Brian Bennett: Interesting question. Actually, Anderson did eclipse 1,000 yards in 2008, and so did Devine. I'd put them as locks, barring injury. Lewis is already a third of the way there, and I think Todman has a really good chance for the reasons you mentioned. The ones I wonder about are Carter, who has been injury-prone through his career and is playing in an as-yet unproductive offense, and Martinek, who likely will split carries with Jourdan Brooks, along with maybe Kordell Young and De'Antwan Williams. So right now, I'd put the over-under at four backs. Let's remember, though, that running backs take a lot of punishment over the course of a year, so injuries can play a big factor.
Dave from Pittsburgh writes: Brian, do you think the return of Mike Ford will help USF get out of the gates a little faster next week? Also, do you think they're just going through the motions and waiting for the Florida State game? What do you think of the ACC's struggles with FBS teams?
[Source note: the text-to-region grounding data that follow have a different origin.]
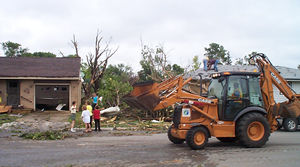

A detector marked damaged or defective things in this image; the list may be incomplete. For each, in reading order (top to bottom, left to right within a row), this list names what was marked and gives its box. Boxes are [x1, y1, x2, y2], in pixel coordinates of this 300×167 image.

damaged house [0, 57, 81, 111]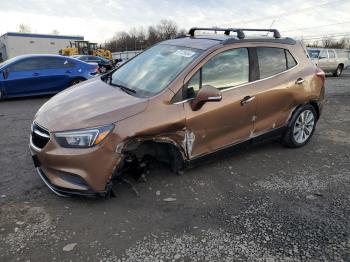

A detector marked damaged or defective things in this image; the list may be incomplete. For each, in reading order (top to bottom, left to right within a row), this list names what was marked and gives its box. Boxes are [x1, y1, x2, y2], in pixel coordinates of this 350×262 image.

cracked headlight [54, 124, 114, 148]
damaged hood [35, 77, 149, 131]
damaged buick encore [29, 28, 326, 196]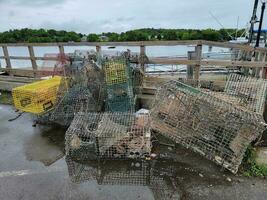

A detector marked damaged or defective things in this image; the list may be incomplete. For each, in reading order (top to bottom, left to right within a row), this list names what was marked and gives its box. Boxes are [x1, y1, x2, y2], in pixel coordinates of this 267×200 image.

rusty wire mesh [65, 112, 152, 159]
rusty wire mesh [151, 80, 266, 173]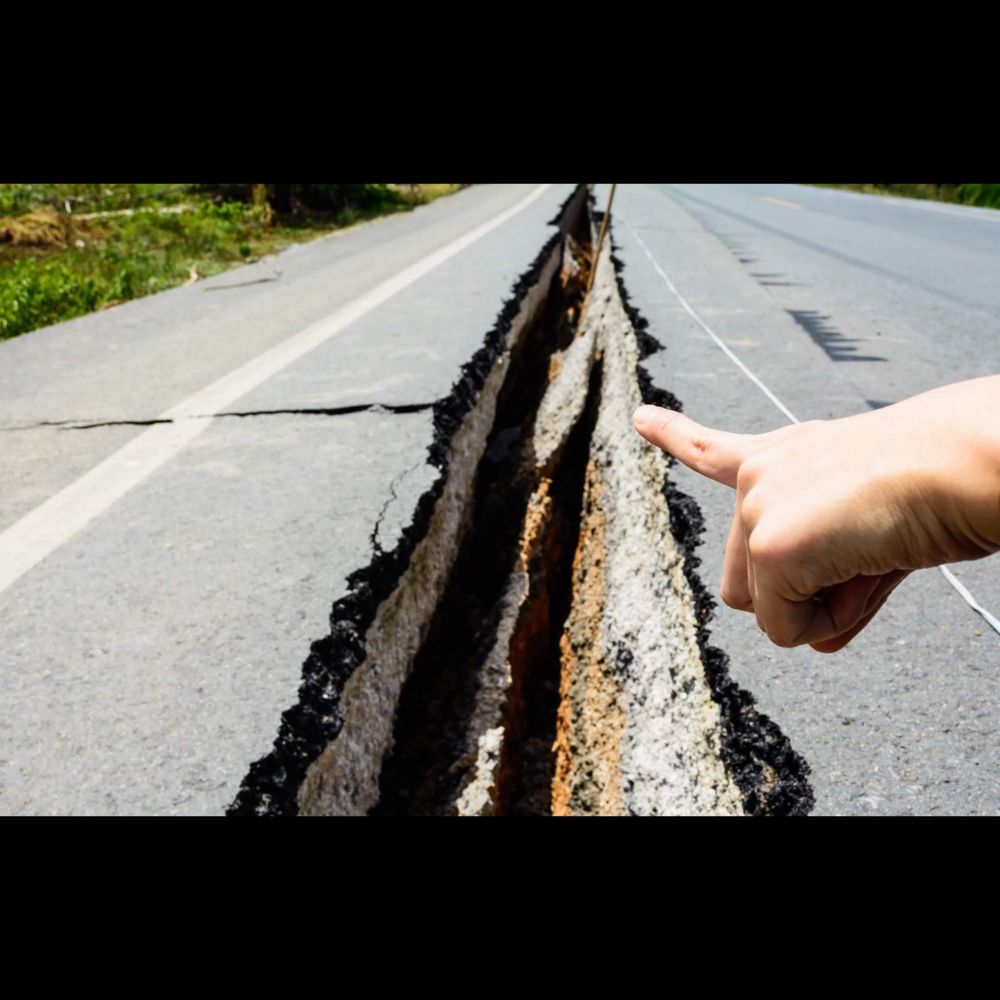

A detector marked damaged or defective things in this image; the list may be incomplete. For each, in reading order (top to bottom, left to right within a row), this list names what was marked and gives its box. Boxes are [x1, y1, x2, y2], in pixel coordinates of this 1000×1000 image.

large crack in road [227, 188, 812, 820]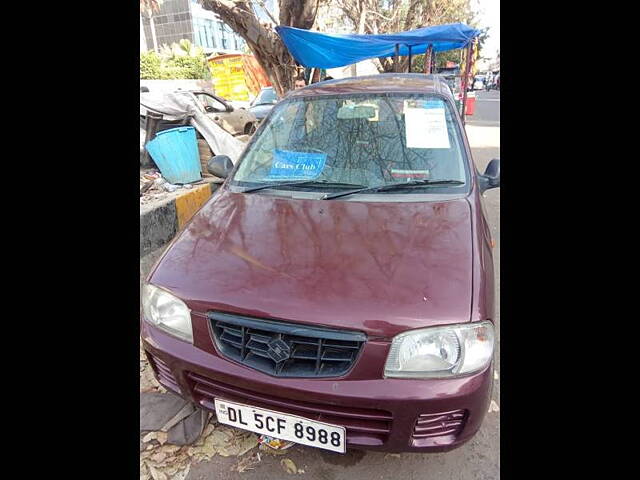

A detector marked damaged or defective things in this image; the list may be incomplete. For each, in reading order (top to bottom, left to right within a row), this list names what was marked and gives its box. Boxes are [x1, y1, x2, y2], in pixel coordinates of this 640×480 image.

damaged car [141, 72, 500, 454]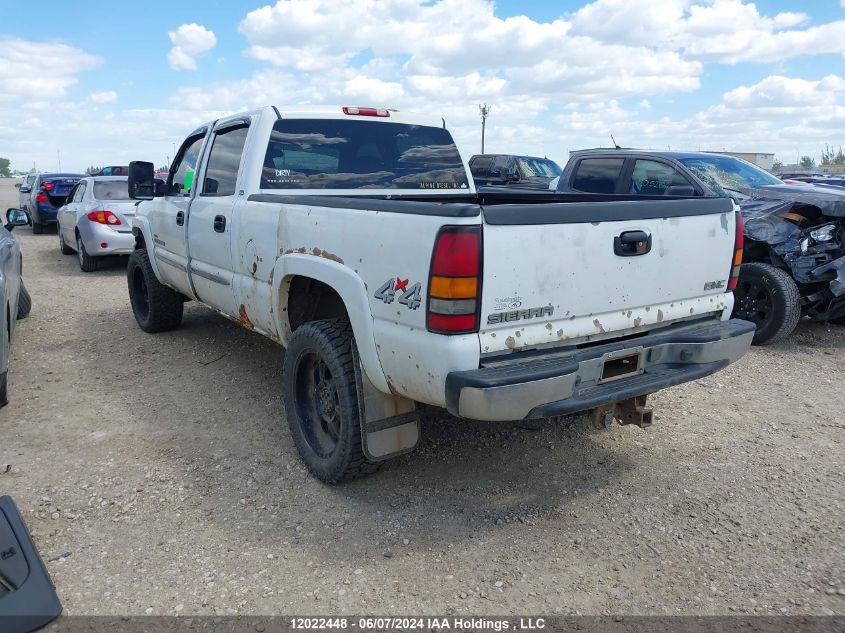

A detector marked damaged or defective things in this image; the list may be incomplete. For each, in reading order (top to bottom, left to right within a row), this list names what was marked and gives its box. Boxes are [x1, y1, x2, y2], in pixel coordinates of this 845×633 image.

damaged black car [680, 155, 844, 344]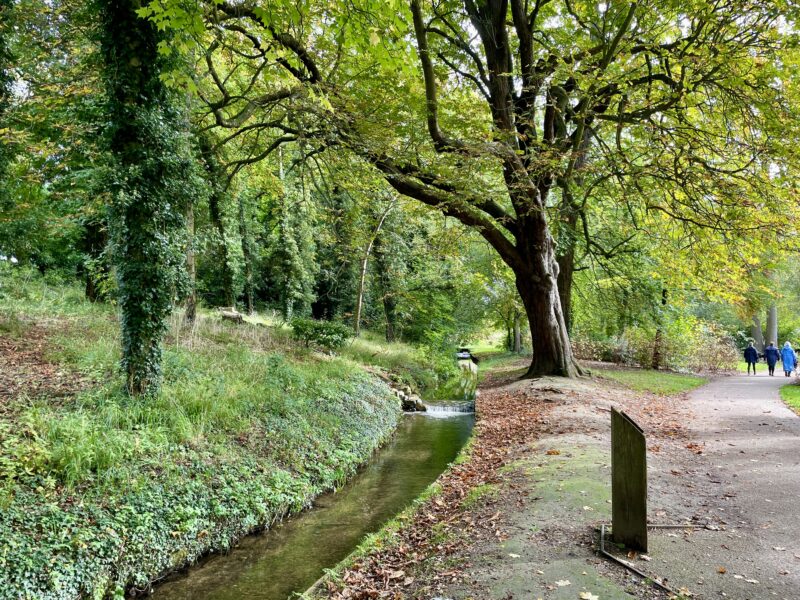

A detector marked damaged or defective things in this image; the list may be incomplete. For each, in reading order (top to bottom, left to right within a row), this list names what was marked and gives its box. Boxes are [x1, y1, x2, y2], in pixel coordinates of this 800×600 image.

rusty metal post [612, 408, 648, 552]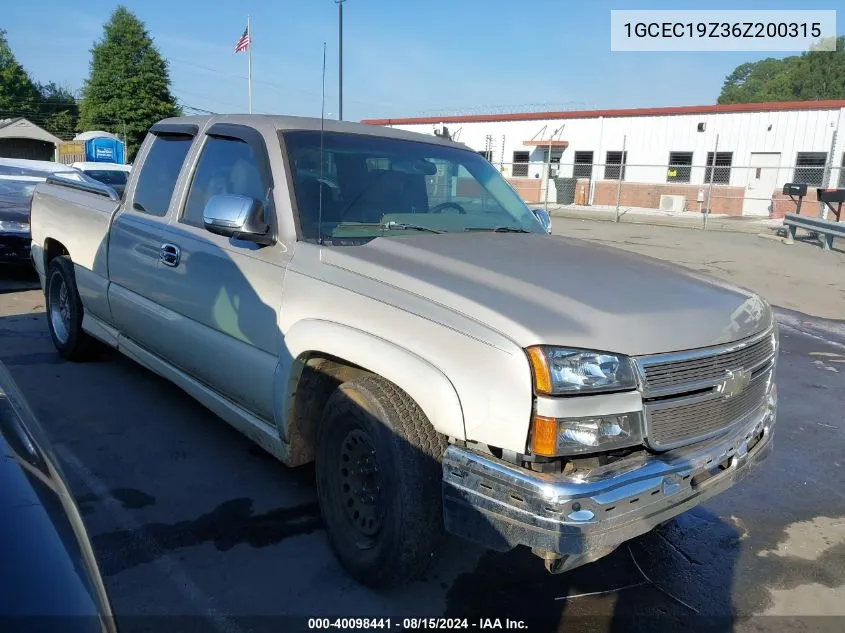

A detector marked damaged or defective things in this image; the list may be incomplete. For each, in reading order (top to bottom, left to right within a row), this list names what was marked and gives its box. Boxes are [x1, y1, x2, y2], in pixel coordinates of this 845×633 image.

damaged bumper [446, 400, 776, 568]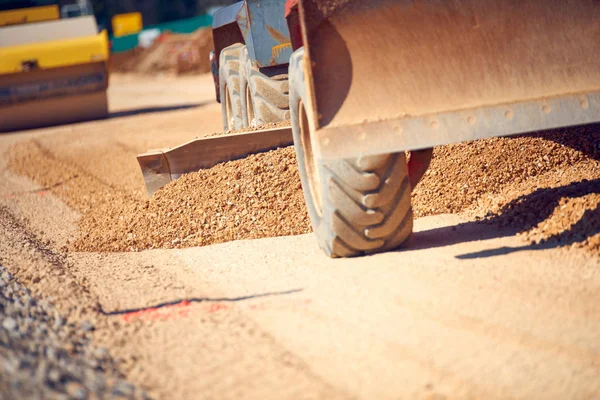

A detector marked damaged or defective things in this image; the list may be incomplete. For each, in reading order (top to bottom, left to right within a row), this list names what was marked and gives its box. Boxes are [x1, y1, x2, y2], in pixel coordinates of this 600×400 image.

rusty metal panel [302, 0, 600, 158]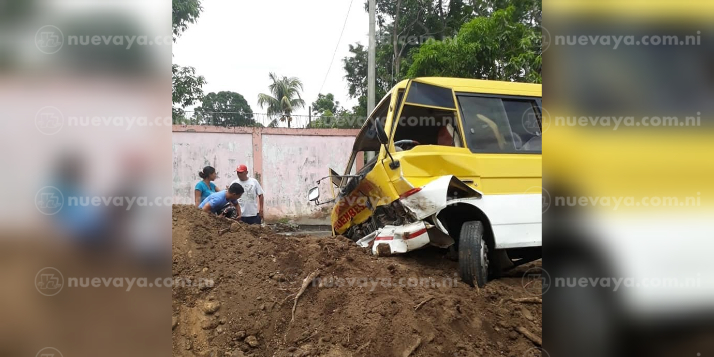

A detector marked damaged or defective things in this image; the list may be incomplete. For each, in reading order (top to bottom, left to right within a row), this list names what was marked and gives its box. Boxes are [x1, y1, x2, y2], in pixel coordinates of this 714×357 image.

crashed vehicle [306, 78, 540, 286]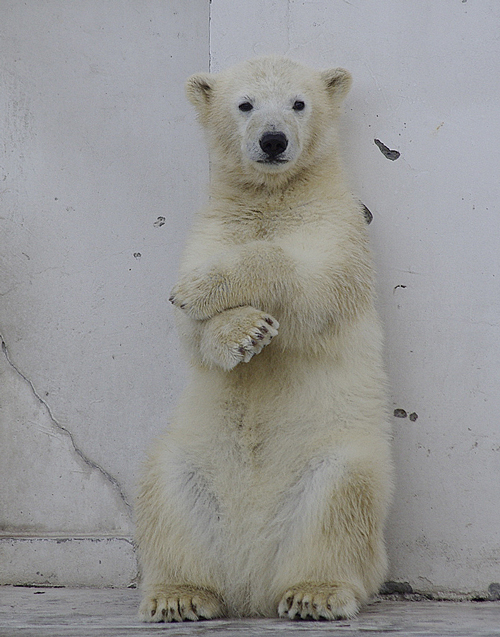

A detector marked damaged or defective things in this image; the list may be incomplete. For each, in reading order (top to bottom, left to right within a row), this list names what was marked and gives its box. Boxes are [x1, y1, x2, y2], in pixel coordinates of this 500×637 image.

crack in wall [0, 332, 133, 516]
cracked wall [0, 1, 209, 588]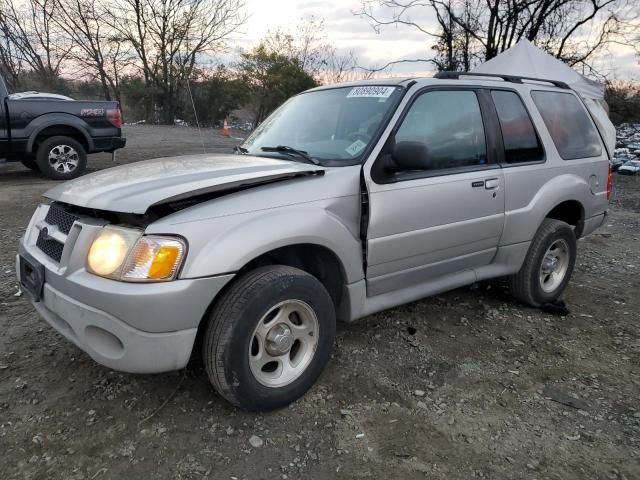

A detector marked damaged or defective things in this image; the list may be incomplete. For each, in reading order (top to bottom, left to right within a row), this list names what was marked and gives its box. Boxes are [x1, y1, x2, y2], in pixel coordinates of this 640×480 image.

damaged hood [45, 154, 324, 214]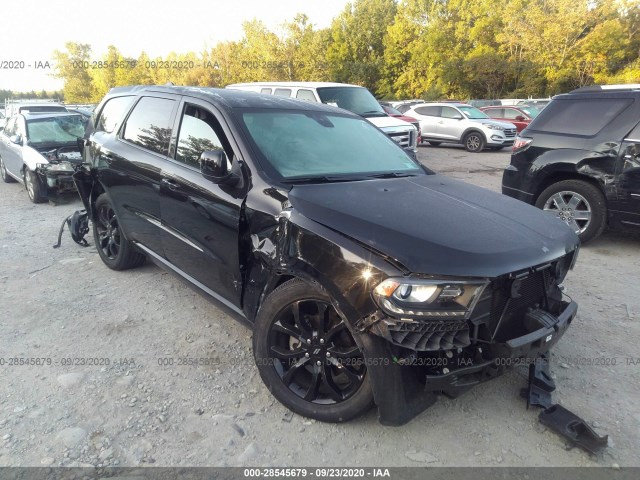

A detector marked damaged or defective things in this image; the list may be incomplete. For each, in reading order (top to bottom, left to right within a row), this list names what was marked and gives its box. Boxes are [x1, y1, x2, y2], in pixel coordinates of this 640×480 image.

damaged black suv [76, 85, 580, 424]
Brian Bennett: I'm not sure Ford, the tailback who was suspended for two games, will make that big of a difference. After all, he hasn't made a huge impact in some time for the Bulls, and he's probably a little rusty. South Florida actually had a back -- Moise Plancher -- run for over 100 yards against Western Kentucky. I'm not sure what the problem with the Bulls' slow starts is. It has to be hard to focus with games against Wofford, Western Kentucky and Charleston Southern. Coaches can talk about playing them one week at a time as much as they want, but kids know the names on the jerseys. Either way, the Bulls need to get sharper.
As for the ACC, it's quite embarrassing for that league. The one thing the Big East can say so far is that it has taken care of inferior competition with no near-upsets.
Jeremy H. from Cincinnati writes: OK, I understand you don't want to make this the Cincinnati all day, all the the time blog, but not one helmet sticker for a Bearcat? Hands down the two most impressive players yesterday in the Big East and quite possibly anywhere were Tony Pike and Mardy Gilyard. And many teams played games against laydown opponents so you can't discredit them that.
Brian Bennett: Gilyard definitely had an impressive game, with four touchdowns. The reason I didn't include him is that I limit the helmet stickers to five players per week, and I try not to include performances against FCS teams if there are other worthy candidates. It was impossible to avoid in Week 1, but not in Week 2.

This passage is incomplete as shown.